NEW YORK (AP) -- Car makers and technology and industrial companies fell Thursday as investors focused on the U.S.-China trade dispute, which could reduce company spending and earnings. The Dow Jones Industrial Average slipped for the eighth day in a row.
While investors generally don't expect a trade war between the U.S. and China, they remain sensitive to signs that rising tariffs and trade tensions will hurt the global economy and reduce corporate profits. This week they've received some signs that this is happening. On Thursday German automaker Daimler said the tariffs China plans to put on cars imported from the U.S. will contribute to a small decline in earnings this year.
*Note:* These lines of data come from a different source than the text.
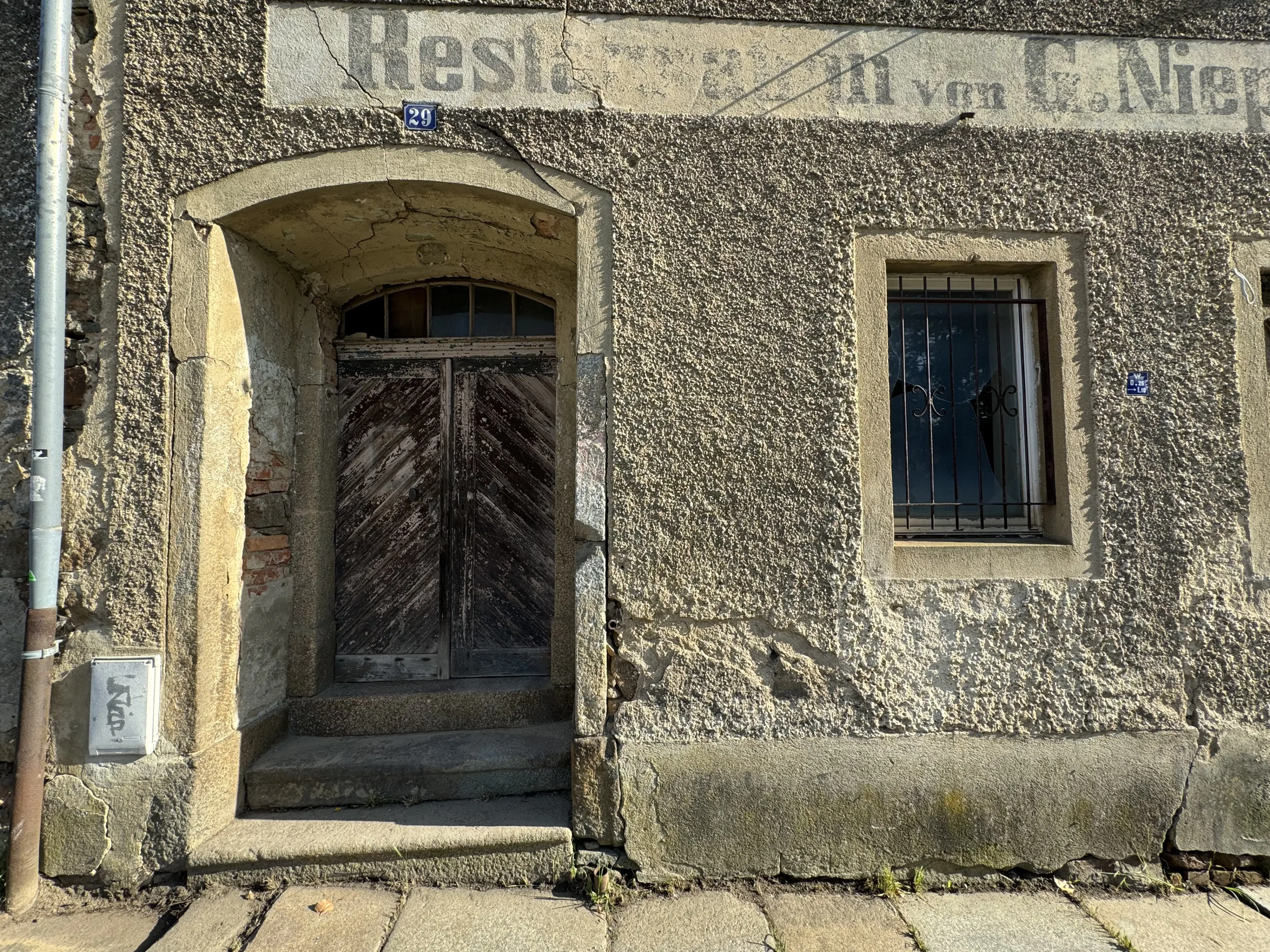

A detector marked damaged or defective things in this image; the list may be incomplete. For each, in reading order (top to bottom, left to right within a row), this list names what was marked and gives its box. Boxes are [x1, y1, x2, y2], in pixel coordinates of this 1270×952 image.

rusty drainpipe section [6, 0, 72, 919]
door with peeling paint [335, 279, 559, 680]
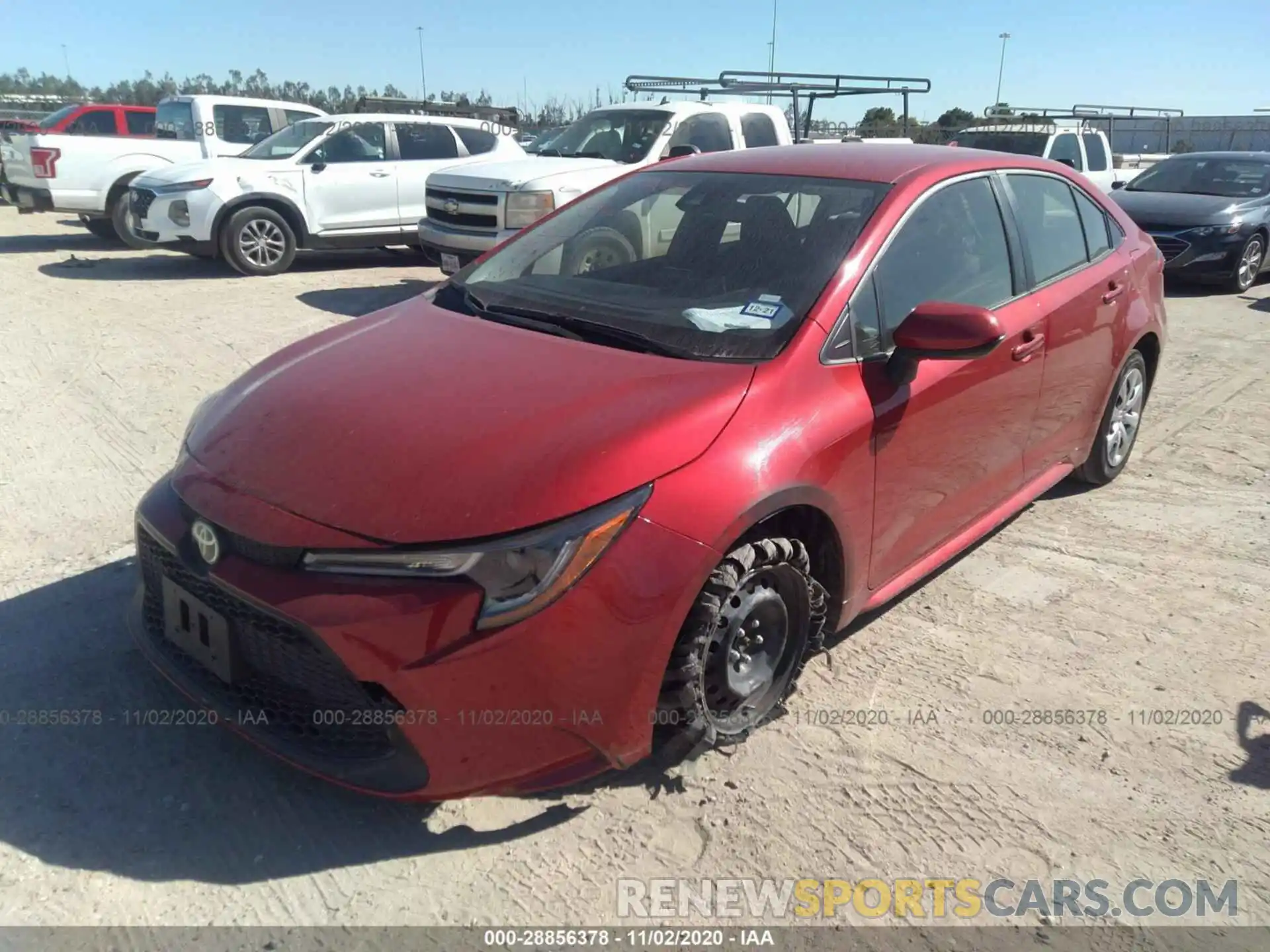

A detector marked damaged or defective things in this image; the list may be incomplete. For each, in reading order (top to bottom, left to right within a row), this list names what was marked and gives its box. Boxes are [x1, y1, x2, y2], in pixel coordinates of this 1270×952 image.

missing license plate [161, 576, 235, 682]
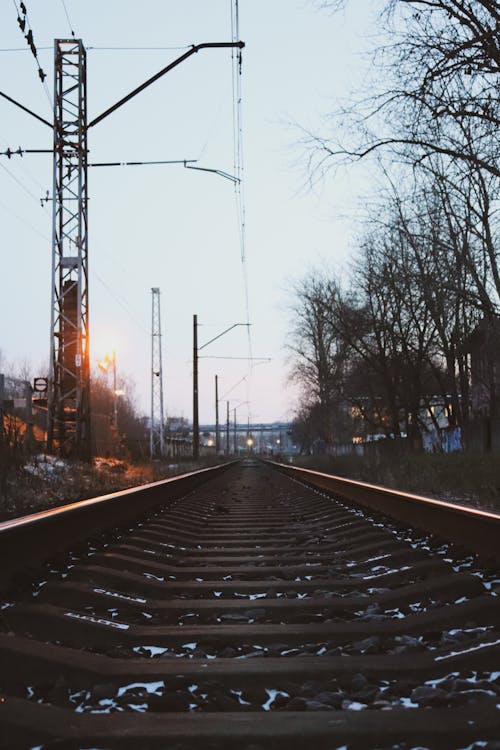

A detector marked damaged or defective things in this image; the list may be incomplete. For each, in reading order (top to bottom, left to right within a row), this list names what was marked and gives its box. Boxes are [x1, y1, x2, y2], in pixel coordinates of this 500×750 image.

rusty metal rail [272, 458, 500, 564]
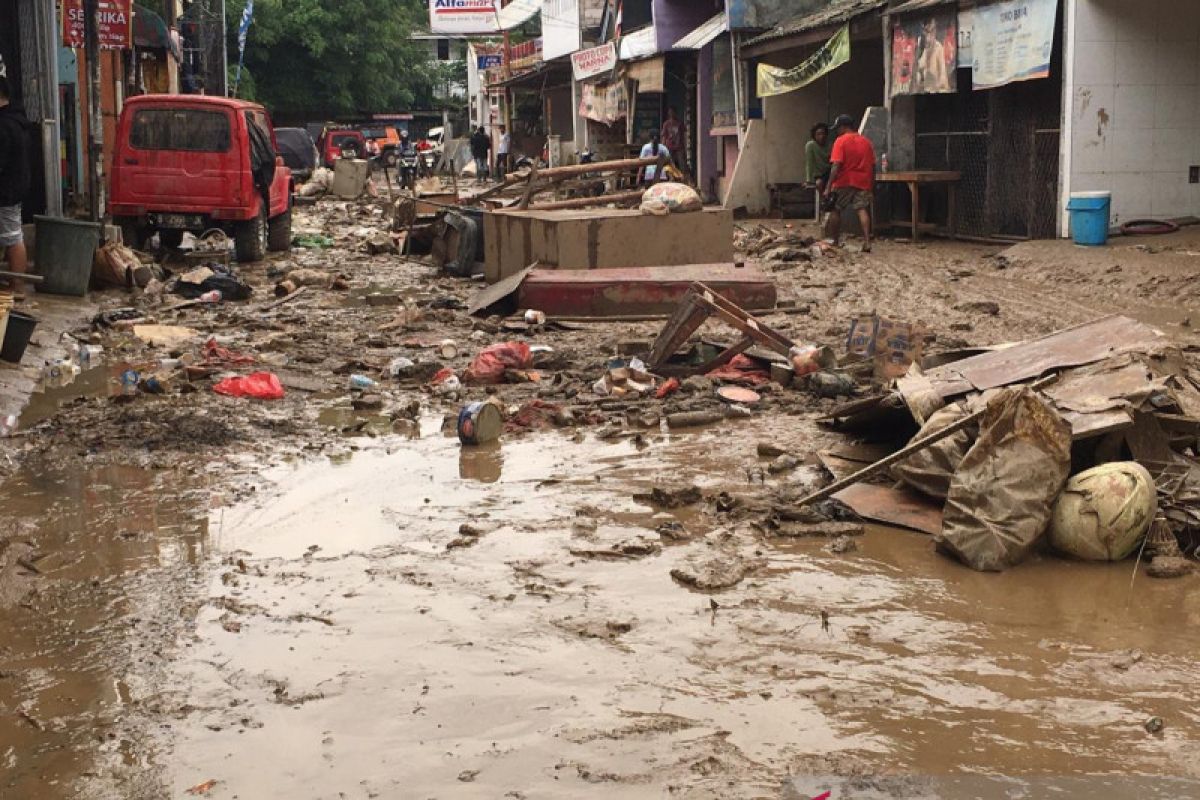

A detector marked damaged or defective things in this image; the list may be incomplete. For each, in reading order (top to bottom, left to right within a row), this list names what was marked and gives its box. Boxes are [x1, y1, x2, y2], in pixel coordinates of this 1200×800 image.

broken wooden furniture [878, 170, 960, 242]
broken wooden furniture [648, 284, 796, 379]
The previous day, Fed Chairman Jerome Powell said the Fed has heard about businesses holding off on hiring and spending in response to the trade conflicts. Kate Moore, global equity strategist for BlackRock, said that investors have been hoping that the Republican-backed corporate tax cut would encourage companies to hire more workers, boost pay, and expand their operations, but the uncertainty over tariffs is discouraging them from doing that.
"There's a fear that rising uncertainty around trade and tariffs is going to significantly affect investment decisions and hiring decisions, and potentially take some steam off of what has looked like a very strong expansion," she said. She added that companies have been reluctant to make major investments since the financial crisis of 2008-09, and some investors felt the tax cuts would help change that pattern.
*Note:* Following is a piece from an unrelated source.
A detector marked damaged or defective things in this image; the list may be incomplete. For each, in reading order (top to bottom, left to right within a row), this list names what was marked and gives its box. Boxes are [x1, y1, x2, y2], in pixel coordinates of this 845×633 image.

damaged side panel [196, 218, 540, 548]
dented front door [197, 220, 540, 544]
Online retailers skidded and rivals such as department stores rose after the Supreme Court ruled that states can force more online shoppers to pay sales tax. Energy companies declined ahead of a meeting where OPEC countries and other nations are expected to increase oil production. Bond yields fell, and big dividend companies like real estate investment trusts and utilities made some of the biggest gains on Wall Street.
The S&P 500 index slid 17.56 points, or 0.6 percent, to 2,749.76. The Dow fell 196.10 points, or 0.8 percent, to 24,461.70. The index has fallen 3.4 percent over the last eight days. Its last losing streak this long was in March 2017. The Nasdaq composite lost 68.56 points, or 0.9 percent, to 7,712.95. The Russell 2000 index of smaller-company stocks declined 18.04 points, or 1.1 percent, to 1,688.95. The Nasdaq and Russell 2000 both closed at record highs Wednesday.
Daimler is projecting fewer SUV sales and higher costs for Mercedes-Benz cars as a result of Chinese tariffs on cars made in the U.S. Those are scheduled to take effect July 6. The company now says its earnings before interest and taxes will fall slightly this year after it had forecast a small increase in earnings. Its stock fell 4.3 percent in Germany.
Online retailers dropped following the Supreme Court ruling. For more than two decades, companies were not required to collect sales tax on online purchases that were made in a state where the company did not have a physical presence, such as a warehouse or office. States argued that those rules deprived them of billions of dollars in tax revenue, and traditional retailers said online sellers had an unfair advantage.
Overstock.com lost 7.2 percent to $36.15 and home goods site Wayfair gave up 1.6 percent to $114.28 while Amazon lost 1.1 percent to $1,730.22. Target gained 1 percent to $76.14 and Nordstrom added 1.8 percent to $52.78.
Energy companies skidded as investors expect OPEC to agree to a production increase at a meeting on Friday. Greater production reduces oil prices, and that has weighed on energy stocks in recent weeks. Chevron fell 2.2 percent to $122.59 and Marathon Oil dropped 5.4 percent to $19.92.
U.S. crude dripped 0.3 percent to $65.54 a barrel in New York and Brent crude, the international standard for oil prices, lost 2.3 percent to $73.05 a barrel in London.
Intel fell 2.4 percent to $52.19 after its CEO resigned. The world's largest chipmaker said CEO Brian Krzanich is stepping down after the company learned he had a relationship with an employee. Intel said the relationship was consensual, but violated a policy that bars managers from having relationships with employees.
Bond prices climbed. The yield on the 10-year Treasury note fell to 2.90 percent from 2.94 percent. That helped stocks that pay big dividends including utilities and real estate investment trusts.
In other energy trading, wholesale gasoline lost 0.6 percent to $2.01 a gallon. Heating oil fell 1.8 percent to $2.07 a gallon. Natural gas rose 0.4 percent to $2.98 per 1,000 cubic feet.
Gold shed 0.3 percent to $1,270.50 an ounce. Silver edged up 0.1 percent to $16.33 an ounce. Copper slid 0.6 percent to $3.02 a pound.
The dollar fell to 109.90 yen from 110.40 yen. The euro rose to $1.1617 from $1.1587.
The German DAX dropped 1.4 percent after Daimler's warning. France's CAC 40 lost 1 percent and Britain's FTSE 100 gave up 0.9 percent after its central bank indicated it could raise rates this summer.
Japan's benchmark Nikkei 225 index finished up 0.6 percent and the Kospi in South Korea dropped 1 percent. Hong Kong's Hang Seng fell 1.4 percent.